The Russian pianist-conductor Mikhail Pletnev once said that "intensity" was the most basic characteristic of the Russian sound, and that quality was fully on display at the Valley Performing Arts Center in Northridge on Friday night as he led the Russian National Orchestra in a program of works by Shostakovich, Tchaikovsky and Stravinsky.
The sold-out concert kicked off the orchestra's 16-city 25th anniversary tour, with upcoming stops in Palm Desert and at the Segerstrom Center for the Arts in Costa Mesa.
By his own reckoning, Pletnev, who founded the orchestra in 1990 and remains its music and artistic director, has not performed in Southern California in nearly a decade. Once regarded as a cool, undemonstrative conductor, Pletnev's podium manner was involved and involving. The orchestra played brilliantly from the concert's rousing opener, Shostakovich's "Festive Overture."
Intense focus also marked soloist Yuja Wang's blazing account of the concert's centerpiece, Tchaikovsky's Piano Concerto No. 2, proving you don't have to be Russian to play like one. She displayed a Horowitz-like bravura in the concerto's opening movement, dispatching long chordal passages in the big cadenza (one of three) with breathtaking accuracy and dexterity.

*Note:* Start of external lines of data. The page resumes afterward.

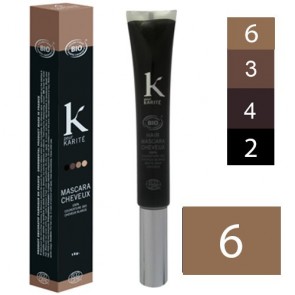 K Pour Karité Máscara Capilar nº6 Rubio Oscuro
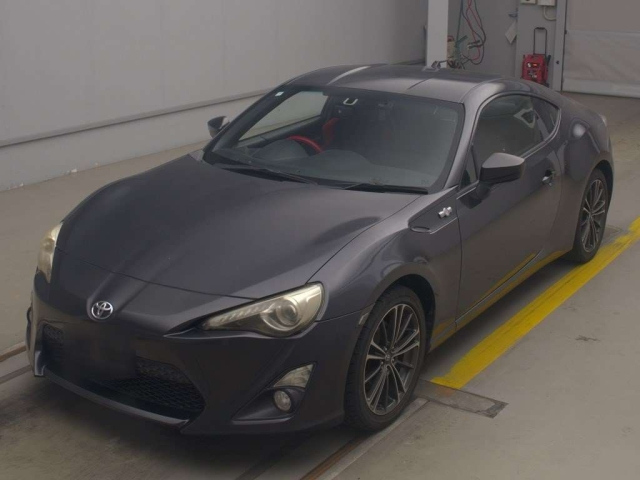 TOYOTA 86 2013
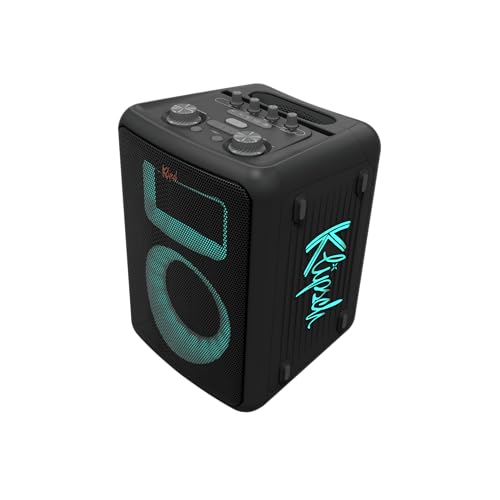 Klipsch Miami Music City Party Speaker -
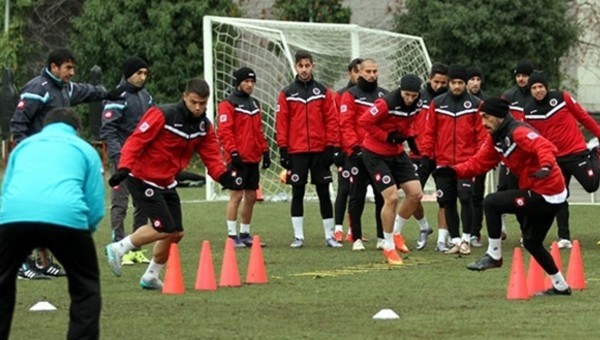 Gençlerbirliği'nde Rizespor hazırlıkları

Such economy of motion at the keyboard was fascinating to watch. Wang achieved maximum effect with seemingly minimal effort. If she were a tennis player, she would be Roger Federer.
Though not as popular as the First Concerto, Tchaikovsky's Second (there's also a single-movement Third) is just as crowd-pleasing. Pletnev and the orchestra maintained an exciting sense of forward sweep in the concerto's outer movements, handling some of Tchaikovsky's characteristic bombast with the right degree of panache.

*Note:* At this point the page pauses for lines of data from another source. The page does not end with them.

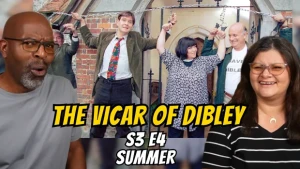 Greg and Lisa React_Official - The Vicar of Dibley S3E4 Summer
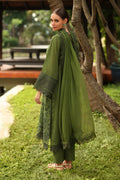 Baroque | Embroidered Lawn | SF-4258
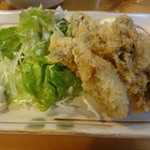 味一番 - 牡蠣フライ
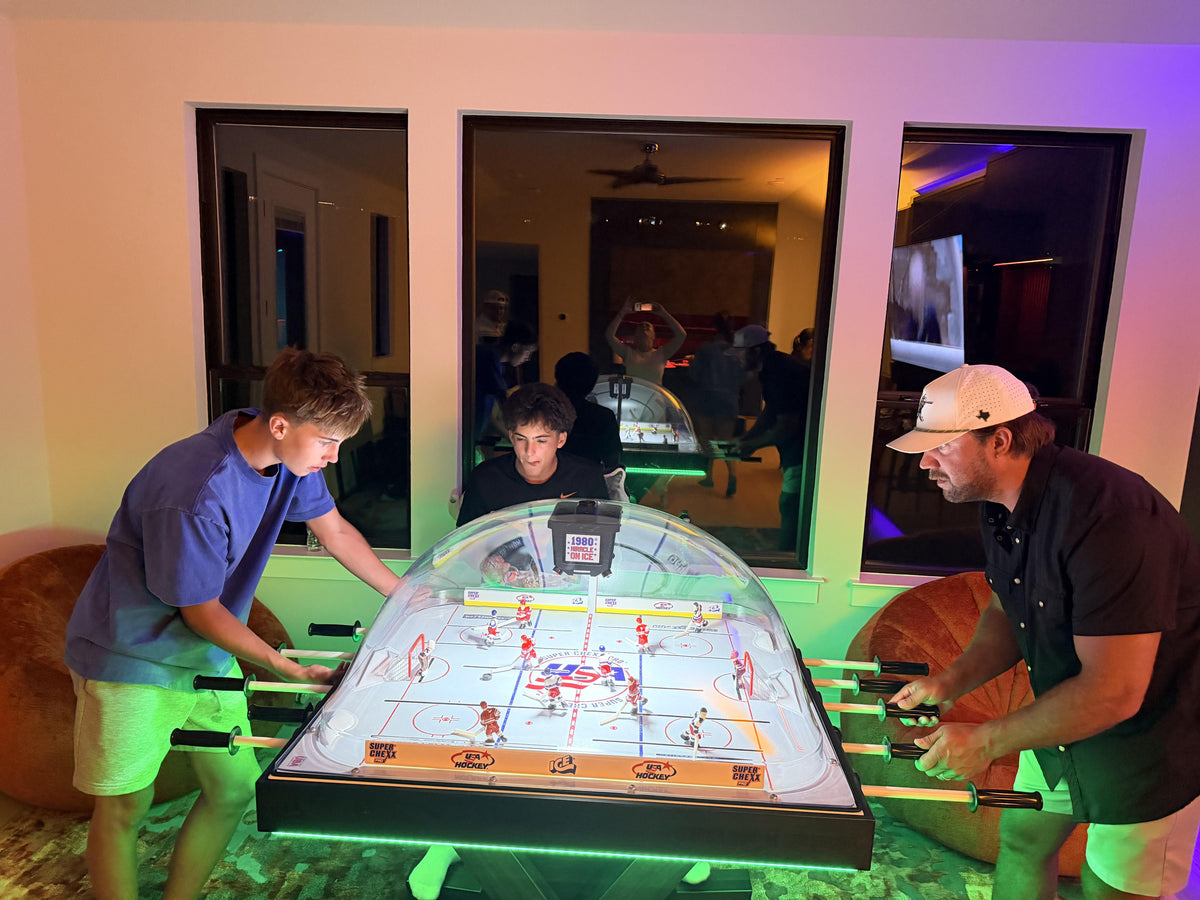 Super Chexx Premium Innovative Concepts in Entertainment, Inc.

The score's soulful central Andante, which has often been subject to cuts, came off as lovely but as odd as ever. The beginning, a duo-concerto that almost forgets about the orchestra altogether, gave the RNO's concertmaster, Alexey Bruni, and principal cellist, Alexander Gotgelf, a chance to shine. Eventually, Wang joined in, making it a quasi triple concerto.
Wang and the orchestra, playing the full score Pletnev himself performed on his impressive Virgin Classics disc from 1998, brought the work in at a longish 46 minutes, but found enough contrasting lyricism amid the score's many climaxes and flamboyant passages to keep it afloat.

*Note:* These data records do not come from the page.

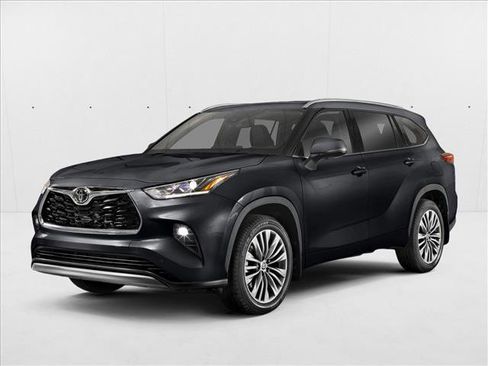 Used 2023 Toyota Highlander XSE FWD image 1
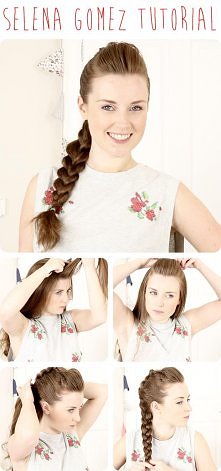 Selena Gomez tutorial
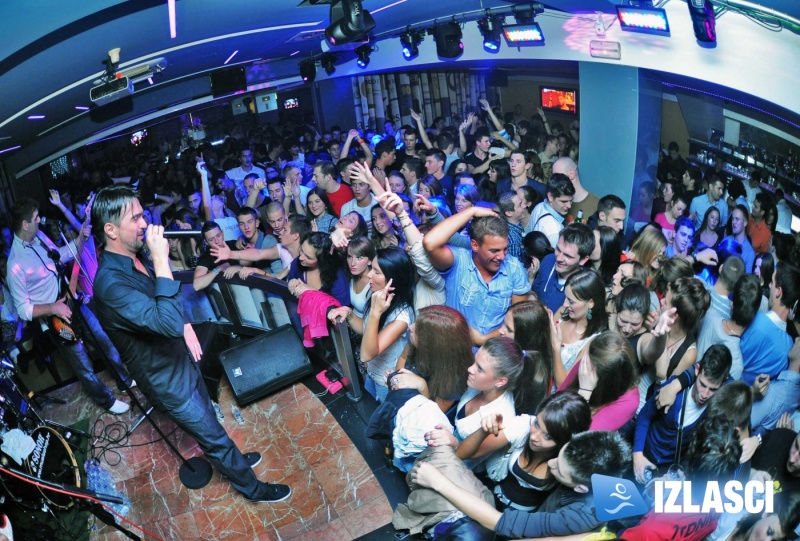 Jole zagrijao Club Roko 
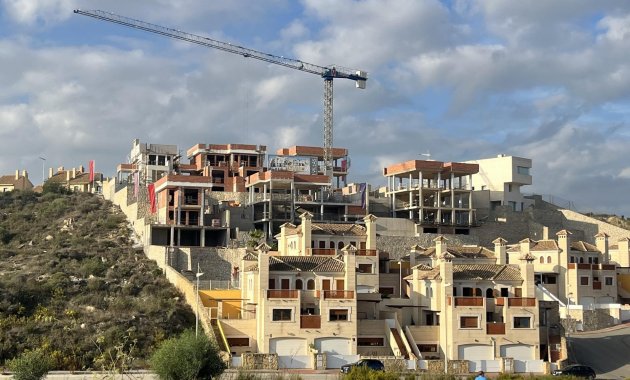 Nouvelle construction - Villa -
Algorfa - La Finca Golf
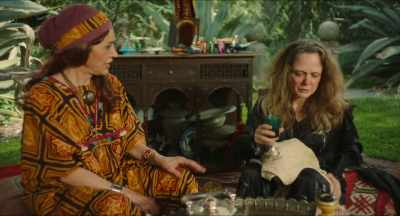 -The Sultan offered a hundred
goats for your hand, darling. - Man and Witch: The Dance of a Thousand Steps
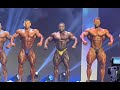 Arnold Classic 2022 DAY1 Individual routines during Prejudging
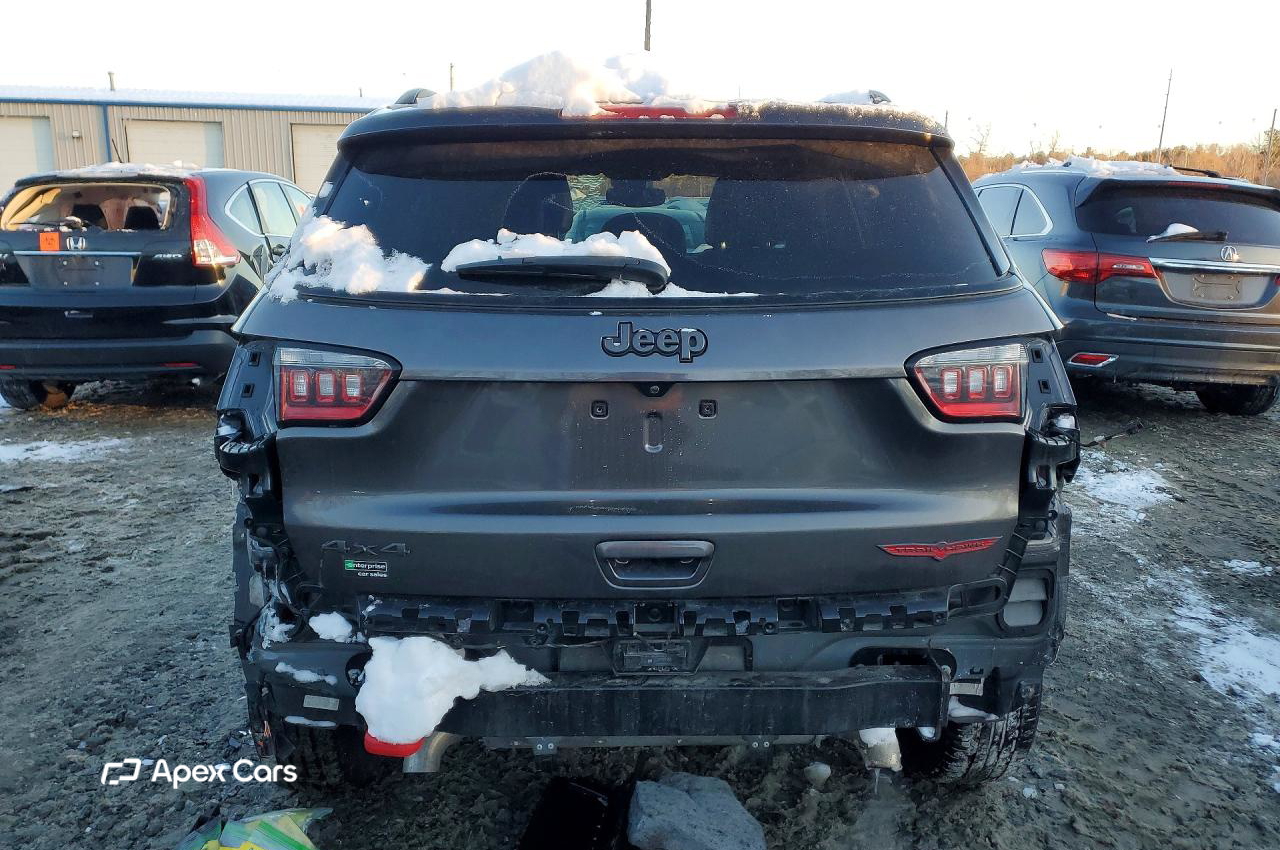 Jeep Compass 2023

Amazingly, Wang had enough energy left for an encore: Earl Wild's arrangement of the "Pas de Quatre" from Tchaikovsky's "Swan Lake," delicately rendered.
After intermission, Pletnev summoned colorful intensity from the ensemble in a carefully shaped reading of Stravinsky's "The Firebird," contoured to highlight the ensemble's many virtuosos. Individual sonorities from flute, oboe and horns bloomed. Pletnev and the RNO performed the 1945 version, which benefits from a generous selection of music from the composer's ballet score perfectly paced for a concert audience.
Though some textural transparency was lost in climaxes, and string tremolos grew coarse in the climactic "Infernal Dance," the work's alluring mystery came through in a hypnotic rendition of the penultimate "Berceuse." Besides, isn't a certain bravura coarseness also part of the Russian sound?
The orchestra offered two rhythmically incisive encores: Khachaturian's Waltz from "Masquerade," and Tchaikovsky's "Dance of the Buffoons" from "The Snow Maiden."